I am still stucked here ..the model is not training and returing 0 accuracy for training dataset ,

if __name__ == "__main__":
    
    set_parameters_requires_grad(model , True)

    epochs = 25

    for epoch in range(epochs):
        print('Epoch ', epoch,'/',epochs-1)
        print('-'*15)

        for phase in ['train', 'val']:
            if phase == 'train':
                model.train()  # Set model to training mode
            else:
                model.eval()   # Set model to evaluate mode

            running_loss = 0.0
            running_corrects = 0.0
            
            # Iterate over data.
            for batch in dataloaders[phase]:
                if torch.cuda.is_available():
                    inputs = batch['image'].cuda()
                    labels = batch['class'].cuda()

                # zero the parameter gradients
                optimizer.zero_grad()

                with torch.set_grad_enabled(phase == 'train'):
                    outputs = model(inputs)
                    _, preds = torch.max(outputs, 1)
                    loss = loss_fn(outputs, labels)

                    # we backpropagate to set our learning parameters only in training mode
                    if phase == 'train':
                        loss.backward()
                        optimizer.step()

                running_loss += loss.item() * inputs.size(0)
                running_corrects += torch.sum(preds == labels.data)

            # scheduler for weight decay
            if phase == 'train':
                scheduler.step()

            epoch_loss = running_loss / dataset_sizes[phase]
            epoch_acc = running_corrects / dataset_sizes[phase]

            print('{} Loss: {:.4f} Acc: {:.4f}'.format(phase, epoch_loss, epoch_acc))
    optimizer.swap_swa_sgd()

I have also changed the optimizer to train only the final layer of efficeint net model .

setting up the optimizer , loss func. & scheduler for training

from cutmix.utils import CutMixCrossEntropyLoss #for Stochastic Weight Averaging in PyTorch

from torchcontrib.optim import SWA

base_optimizer = torch.optim.Adam(model._fc.parameters(), lr=1e-4)

optimizer = SWA(base_optimizer, swa_start=5, swa_freq=5, swa_lr=0.05)

loss_fn = CutMixCrossEntropyLoss(True)

scheduler = torch.optim.lr_scheduler.StepLR(optimizer, step_size=7, gamma=0.1)

ptrblck · July 23, 2020, 5:56pm

Since the loss as well as the accuracy are both zero, I would recommend to debug the code step by step and check the data types as well as values of loss, running_loss, running_correct, epoch_loss, and epoch_acc. I guess that you might be using an integer division at some point, which would create the zeros.

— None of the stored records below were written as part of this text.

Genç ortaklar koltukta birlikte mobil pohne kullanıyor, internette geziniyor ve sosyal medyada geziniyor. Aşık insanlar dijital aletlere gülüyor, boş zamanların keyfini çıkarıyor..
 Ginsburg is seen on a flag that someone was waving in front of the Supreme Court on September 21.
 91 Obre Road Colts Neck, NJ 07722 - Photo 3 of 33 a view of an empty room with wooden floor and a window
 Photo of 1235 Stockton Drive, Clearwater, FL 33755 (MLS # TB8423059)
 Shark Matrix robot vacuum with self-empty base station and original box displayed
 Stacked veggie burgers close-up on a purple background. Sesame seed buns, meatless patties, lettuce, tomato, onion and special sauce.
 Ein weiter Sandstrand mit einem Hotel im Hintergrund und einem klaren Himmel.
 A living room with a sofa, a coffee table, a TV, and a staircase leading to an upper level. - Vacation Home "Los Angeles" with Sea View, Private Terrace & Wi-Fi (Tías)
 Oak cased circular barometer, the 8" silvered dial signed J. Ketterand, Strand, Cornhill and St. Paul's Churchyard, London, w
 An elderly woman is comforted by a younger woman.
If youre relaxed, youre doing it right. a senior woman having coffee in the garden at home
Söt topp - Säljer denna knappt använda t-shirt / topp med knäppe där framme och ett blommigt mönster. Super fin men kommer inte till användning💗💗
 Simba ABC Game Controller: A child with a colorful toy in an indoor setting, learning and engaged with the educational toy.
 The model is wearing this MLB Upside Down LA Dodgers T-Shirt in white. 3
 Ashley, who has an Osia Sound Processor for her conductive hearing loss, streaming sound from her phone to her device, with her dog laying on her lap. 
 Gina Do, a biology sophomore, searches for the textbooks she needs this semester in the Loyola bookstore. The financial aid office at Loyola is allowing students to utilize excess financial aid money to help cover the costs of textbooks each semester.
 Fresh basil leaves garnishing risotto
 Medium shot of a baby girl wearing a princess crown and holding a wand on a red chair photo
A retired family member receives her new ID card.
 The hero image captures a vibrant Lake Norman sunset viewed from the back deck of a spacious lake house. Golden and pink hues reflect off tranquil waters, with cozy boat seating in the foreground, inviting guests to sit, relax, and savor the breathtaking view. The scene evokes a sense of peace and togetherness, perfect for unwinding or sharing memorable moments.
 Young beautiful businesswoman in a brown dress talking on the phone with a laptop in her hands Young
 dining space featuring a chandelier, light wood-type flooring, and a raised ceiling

PS: the usage of .data is not recommended, as it might have unwanted side effect.

IamSparky · July 23, 2020, 7:26pm

on your update

I also typecast the values of dataset_sizes[phase] , float(dataset_sizes[phase] to float(dataset_sizes[phase]) , float(dataset_sizes[phase]) respectively as they were integer varibles before;

But the strange thing I noticed was here

Iterate over data.

  for batch in dataloaders[phase]:
     print(phase)
     if torch.cuda.is_available():
         inputs = batch['image'].cuda()
         labels = batch['class'].cuda()

it gave me this output

means that phase is not going to train mode…am I right?

ptrblck · July 24, 2020, 2:29am

This might be still the case and as explained before, the indentation was the reason for it, which should have been fixed by now.